Starting at the top of the records, output every line through the one that contains "Vintage Silver-Plated Metal", keeping each exactly as it appears.
----- Material shown -----
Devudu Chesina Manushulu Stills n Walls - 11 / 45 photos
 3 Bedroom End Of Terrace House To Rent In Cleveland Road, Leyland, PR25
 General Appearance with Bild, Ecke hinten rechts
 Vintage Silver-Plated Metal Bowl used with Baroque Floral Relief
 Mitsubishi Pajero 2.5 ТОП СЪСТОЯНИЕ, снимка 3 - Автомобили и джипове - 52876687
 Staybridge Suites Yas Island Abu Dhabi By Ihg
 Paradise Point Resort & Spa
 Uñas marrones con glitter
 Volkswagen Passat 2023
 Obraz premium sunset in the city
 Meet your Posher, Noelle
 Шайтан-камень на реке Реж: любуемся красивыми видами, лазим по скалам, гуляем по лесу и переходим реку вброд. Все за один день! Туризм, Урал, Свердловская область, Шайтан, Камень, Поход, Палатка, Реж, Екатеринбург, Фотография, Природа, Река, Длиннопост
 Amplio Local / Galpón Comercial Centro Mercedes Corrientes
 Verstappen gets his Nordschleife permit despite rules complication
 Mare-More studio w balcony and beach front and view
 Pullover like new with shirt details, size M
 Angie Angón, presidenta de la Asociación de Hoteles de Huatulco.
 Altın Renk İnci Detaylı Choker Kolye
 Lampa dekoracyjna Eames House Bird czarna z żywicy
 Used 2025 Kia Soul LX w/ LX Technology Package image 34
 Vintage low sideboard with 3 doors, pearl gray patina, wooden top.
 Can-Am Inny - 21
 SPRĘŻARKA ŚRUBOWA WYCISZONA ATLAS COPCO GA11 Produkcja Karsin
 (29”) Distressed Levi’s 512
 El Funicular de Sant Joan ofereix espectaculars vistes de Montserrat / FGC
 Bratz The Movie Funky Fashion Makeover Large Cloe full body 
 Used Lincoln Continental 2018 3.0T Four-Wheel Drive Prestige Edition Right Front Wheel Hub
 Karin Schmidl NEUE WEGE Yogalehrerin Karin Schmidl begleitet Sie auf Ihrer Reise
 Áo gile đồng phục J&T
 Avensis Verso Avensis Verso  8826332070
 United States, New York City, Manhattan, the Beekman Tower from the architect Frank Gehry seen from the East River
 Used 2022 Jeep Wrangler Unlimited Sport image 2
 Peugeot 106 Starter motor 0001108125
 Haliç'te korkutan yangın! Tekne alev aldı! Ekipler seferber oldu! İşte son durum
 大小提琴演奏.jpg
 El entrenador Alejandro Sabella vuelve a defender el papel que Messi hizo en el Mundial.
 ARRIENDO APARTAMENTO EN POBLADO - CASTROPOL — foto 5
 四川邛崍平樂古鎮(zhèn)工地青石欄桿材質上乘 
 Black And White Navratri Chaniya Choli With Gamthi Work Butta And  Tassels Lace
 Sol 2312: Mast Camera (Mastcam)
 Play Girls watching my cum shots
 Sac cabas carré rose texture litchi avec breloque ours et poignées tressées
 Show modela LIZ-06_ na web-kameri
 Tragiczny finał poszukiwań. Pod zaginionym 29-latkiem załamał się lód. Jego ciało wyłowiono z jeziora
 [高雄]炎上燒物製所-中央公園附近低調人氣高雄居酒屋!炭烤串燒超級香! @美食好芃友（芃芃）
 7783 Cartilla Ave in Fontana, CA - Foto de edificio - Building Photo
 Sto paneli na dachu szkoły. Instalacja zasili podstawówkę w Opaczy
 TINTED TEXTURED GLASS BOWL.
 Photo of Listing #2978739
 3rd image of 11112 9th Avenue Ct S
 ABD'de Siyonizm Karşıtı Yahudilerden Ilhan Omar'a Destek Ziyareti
-----
▶ _Exercise result_
Devudu Chesina Manushulu Stills n Walls - 11 / 45 photos
 3 Bedroom End Of Terrace House To Rent In Cleveland Road, Leyland, PR25
 General Appearance with Bild, Ecke hinten rechts
 Vintage Silver-Plated Metal Bowl used with Baroque Floral Relief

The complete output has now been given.